Salesforce CEO Marc Benioff Warns About AI’s Harmful Impact on Children

Salesforce CEO Marc Benioff has expressed strong concern over the potential harmful effects of artificial intelligence on children after watching a documentary that highlighted the risks of AI-driven content and technologies.

Reacting to what he described as deeply disturbing findings, Benioff said the documentary revealed serious issues around how AI systems can negatively influence young minds. He pointed to problems such as addictive content, emotional manipulation, misinformation, and the lack of adequate safeguards for children using digital platforms powered by AI.

Benioff emphasized that while AI has enormous potential to benefit society, its unchecked use—especially when it comes to children—poses significant ethical and social challenges. He called for greater responsibility from technology companies to ensure that AI tools are designed with safety, transparency, and well-being in mind.

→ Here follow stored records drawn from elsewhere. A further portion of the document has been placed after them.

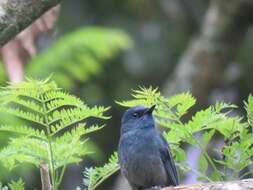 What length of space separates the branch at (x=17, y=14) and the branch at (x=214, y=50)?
4057 millimetres

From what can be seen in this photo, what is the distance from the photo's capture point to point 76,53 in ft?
29.6

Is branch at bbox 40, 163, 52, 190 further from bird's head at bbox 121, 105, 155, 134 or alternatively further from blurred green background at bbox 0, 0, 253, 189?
blurred green background at bbox 0, 0, 253, 189

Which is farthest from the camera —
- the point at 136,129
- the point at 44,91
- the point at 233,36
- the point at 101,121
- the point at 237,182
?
the point at 101,121

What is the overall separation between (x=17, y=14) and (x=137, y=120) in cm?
173

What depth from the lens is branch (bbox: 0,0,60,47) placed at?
4191 millimetres

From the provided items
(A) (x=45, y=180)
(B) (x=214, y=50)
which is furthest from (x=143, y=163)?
(B) (x=214, y=50)

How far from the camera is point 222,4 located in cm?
841

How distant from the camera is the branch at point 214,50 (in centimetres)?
829

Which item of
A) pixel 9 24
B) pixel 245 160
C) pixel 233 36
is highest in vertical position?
pixel 233 36

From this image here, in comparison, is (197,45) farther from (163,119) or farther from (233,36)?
(163,119)

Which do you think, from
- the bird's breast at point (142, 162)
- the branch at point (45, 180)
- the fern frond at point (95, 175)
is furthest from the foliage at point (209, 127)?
the bird's breast at point (142, 162)

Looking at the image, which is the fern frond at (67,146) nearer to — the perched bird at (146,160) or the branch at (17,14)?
the branch at (17,14)

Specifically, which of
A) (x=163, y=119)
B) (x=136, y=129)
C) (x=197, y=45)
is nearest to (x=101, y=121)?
(x=197, y=45)

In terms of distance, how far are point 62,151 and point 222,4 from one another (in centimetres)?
479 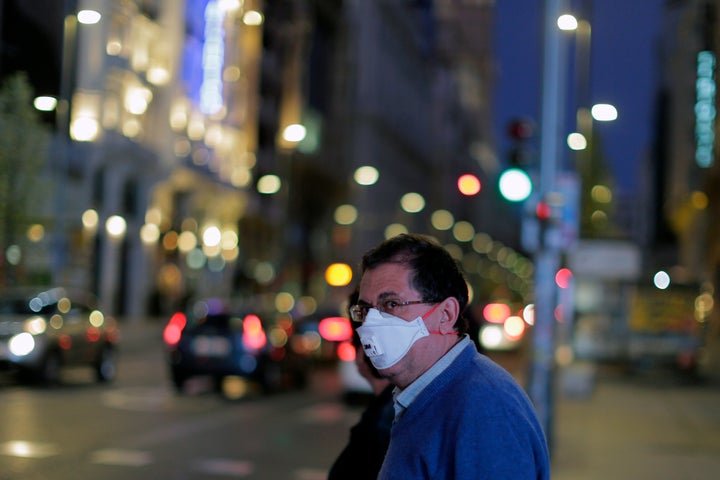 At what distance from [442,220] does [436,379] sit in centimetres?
12660

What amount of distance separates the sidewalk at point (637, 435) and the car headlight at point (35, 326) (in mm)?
8901

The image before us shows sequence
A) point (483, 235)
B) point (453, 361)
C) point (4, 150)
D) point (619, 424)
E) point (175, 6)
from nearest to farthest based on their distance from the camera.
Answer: point (453, 361) < point (4, 150) < point (619, 424) < point (175, 6) < point (483, 235)

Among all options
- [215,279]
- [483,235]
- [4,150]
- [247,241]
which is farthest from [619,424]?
[483,235]

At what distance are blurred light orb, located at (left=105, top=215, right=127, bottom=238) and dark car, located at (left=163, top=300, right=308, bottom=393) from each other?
2603cm

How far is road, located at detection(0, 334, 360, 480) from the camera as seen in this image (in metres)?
12.9

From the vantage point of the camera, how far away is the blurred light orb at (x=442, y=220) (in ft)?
419

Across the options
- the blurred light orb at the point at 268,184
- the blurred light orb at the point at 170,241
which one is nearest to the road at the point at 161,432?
the blurred light orb at the point at 170,241

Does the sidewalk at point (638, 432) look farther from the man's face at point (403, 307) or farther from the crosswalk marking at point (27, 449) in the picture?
the man's face at point (403, 307)

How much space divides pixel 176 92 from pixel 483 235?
110769 mm

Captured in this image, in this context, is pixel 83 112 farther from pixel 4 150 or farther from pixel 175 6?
pixel 4 150

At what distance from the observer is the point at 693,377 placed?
33.5 meters

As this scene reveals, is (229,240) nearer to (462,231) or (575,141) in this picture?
(575,141)

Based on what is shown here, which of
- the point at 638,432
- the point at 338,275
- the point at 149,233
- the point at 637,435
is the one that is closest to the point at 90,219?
the point at 149,233

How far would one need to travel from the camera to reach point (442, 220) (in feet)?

The Salesforce chief also highlighted the need for stronger regulations and industry-wide standards to protect children from unintended consequences of rapidly advancing AI technologies. According to him, innovation should not come at the cost of mental health, trust, or long-term societal impact.

His remarks add to the growing global debate around AI governance, particularly as governments, educators, and parents push for clearer rules to limit harmful exposure and ensure safer digital environments for younger users.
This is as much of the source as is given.